So, I was listening to that, while thinking about this issue, and sort of smiling.
And I can see what drunk me was getting at.
Okay – this is a tricky issue to talk about, as you slice somewhere and its guts come falling out. I've written a lot, but I'm also aware that writing that begs more questions which begs more specific answers. As always with these notes I say "This is a collection of thoughts from the making of the issue, but not comprehensive." Even in one like this where I'm saying a lot, that still holds true. This could have gone on forever. And on and on and on and...
Yeah, you get the point.
Perhaps the most common request from WicDiv fans is “Are we ever going to get a list of all the pantheons?” or, for the more demanding, “are we ever going to get a list of all the gods.” The latter makes me blink, for reasons I'll probably segue into, but we did want to do the former, at least as best as we could within the limitations we've set ourselves.

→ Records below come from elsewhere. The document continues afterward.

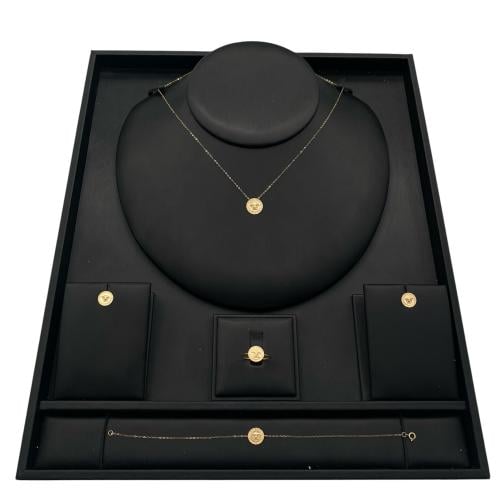 طقم ذهب عيار 18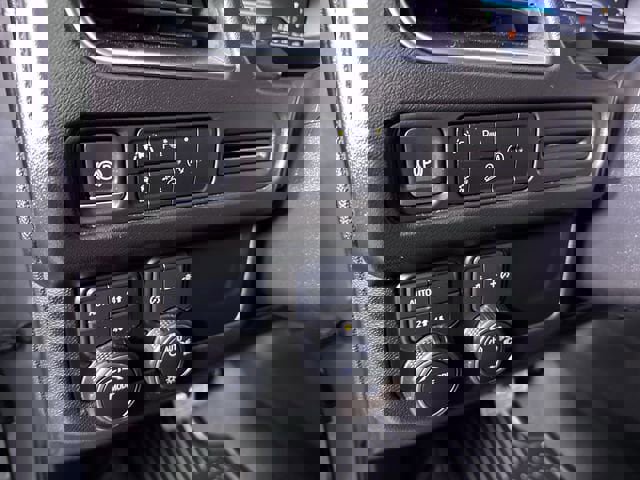 Used 2024 Chevrolet Tahoe Premier image 36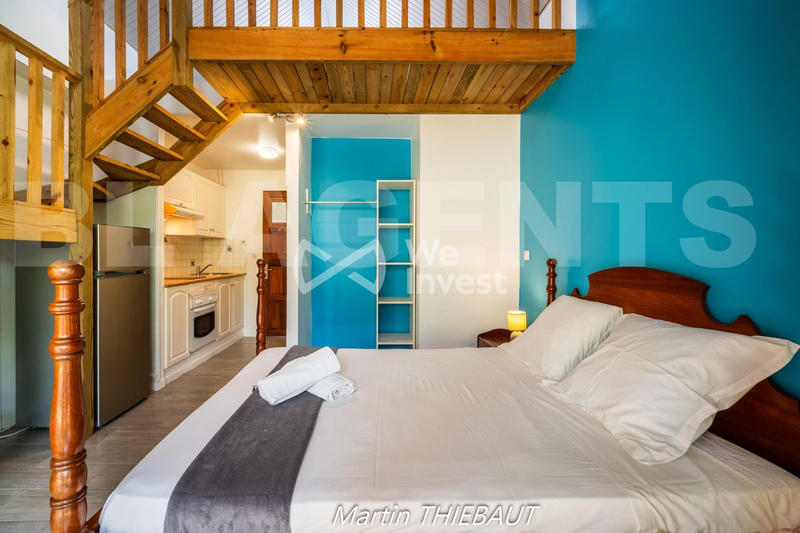 Maison - 270 m² - 13 pièces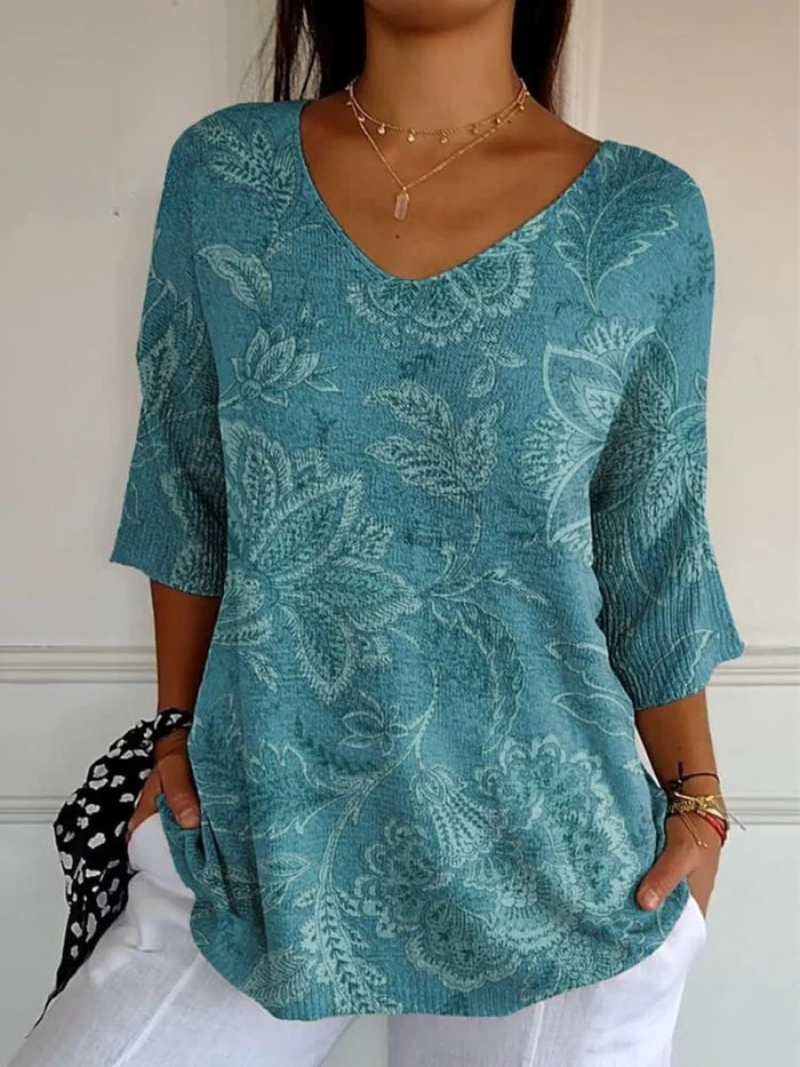 Theresa | Retro Floral Ethnic Print Knit Pullover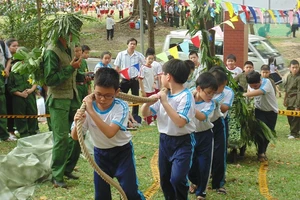 Giáo viên Trường THCS Nguyễn Văn Bứa bức xúc với yêu cầu vận động học sinh tham gia ngoại khóa 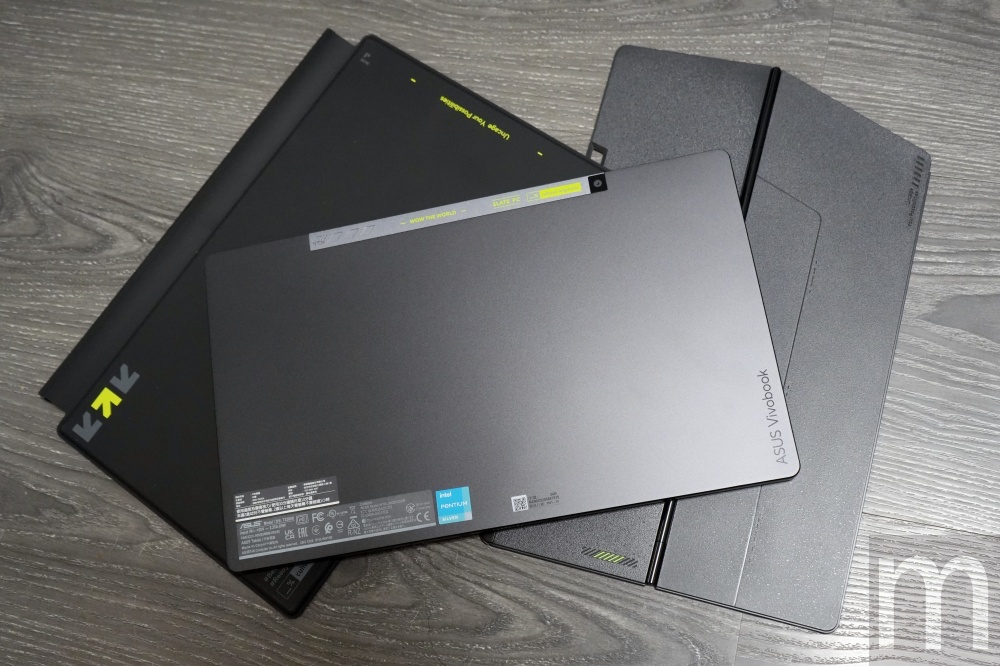 华硕Vivobook 13 Slate OLED动手玩，具备鲜艳色彩屏幕与丰富手写功能的2 In 1装置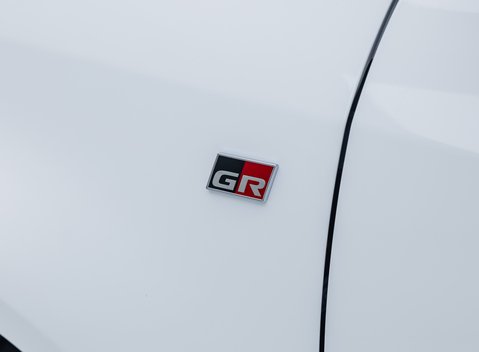 Toyota Yaris GR-Y CIRCUIT 44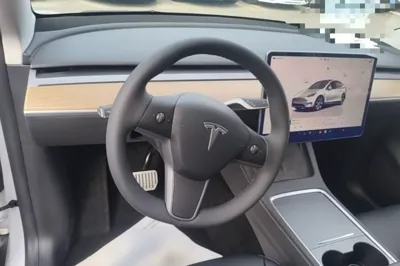 Tesla Model Y 2022, 60200 км, за 26130 USD - фото 18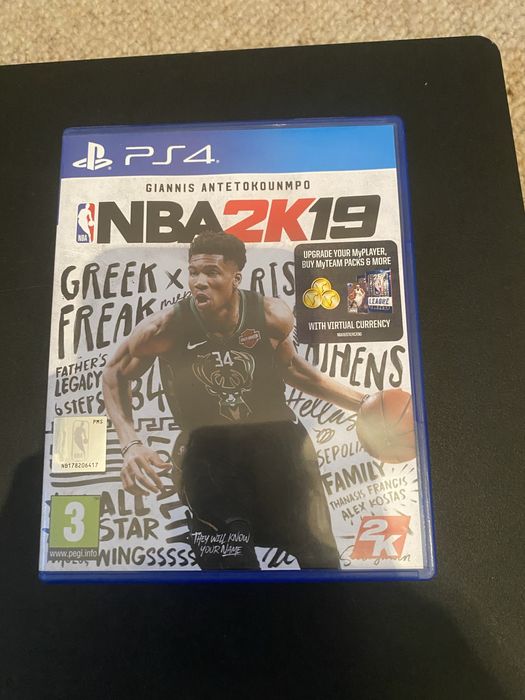 Playsation 4 z grami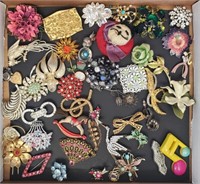 Vintage Pins & Brooches #1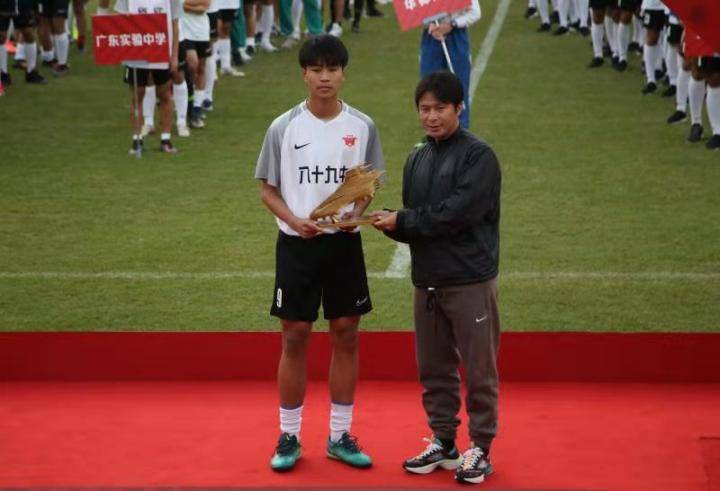 广州名校足球赛,广州中小学足球联赛冠军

But also, I always think of the nature of murder and plans stretching across time. “I have been murdering people for hundreds of years” is a cool line, thrown off, never examined. I kinda wanted to examine it, and play with what the human brain does with repetition.
I recall a critique of the brilliant (and highly influential on yours truly) Heavenly Creatures, of the considerable sympathy you hold for the titular teemage murderers despite the horror of the murder on screen. The critique noted that the murder on screen was highly sanitized, and the actual murder had forty-five injuries, over twenty of which were head wounds. So the three or so blows shown in the murder were bad enough. When we're forced to really live with the actuality of what the murder required, to not just hit thrice, but again and again and again and again and again and again and many more times, at which point does any sympathy we have evaporate in the face of the actual reality of the horror of what they did. Murder is ugly.
I found myself thinking of an aside in one of the WW1 episodes of Hardcore History, which describes American reporters sitting in Belgium, watching the German army march past on the first offensive. It's over a million soldiers. The reporters sit in the cafe, and it's instantly astounding. And then it goes on, and the effect deadens a little. And then it becomes almost comic. And then, hours later, when you realise it's taken an entire day for these people to stomp past, it becomes surreal, brains shaking at the sheer size of it. That.
Also, Modern art, especially music, is about an exploration of repetition with minimised variations. Paul Morley's Words And Music posited all pop music as a line from Alvin Lucifer's I Am Talking In A Room to Kylie's Can't Get You Out Of My Head, from which a city emerges. That.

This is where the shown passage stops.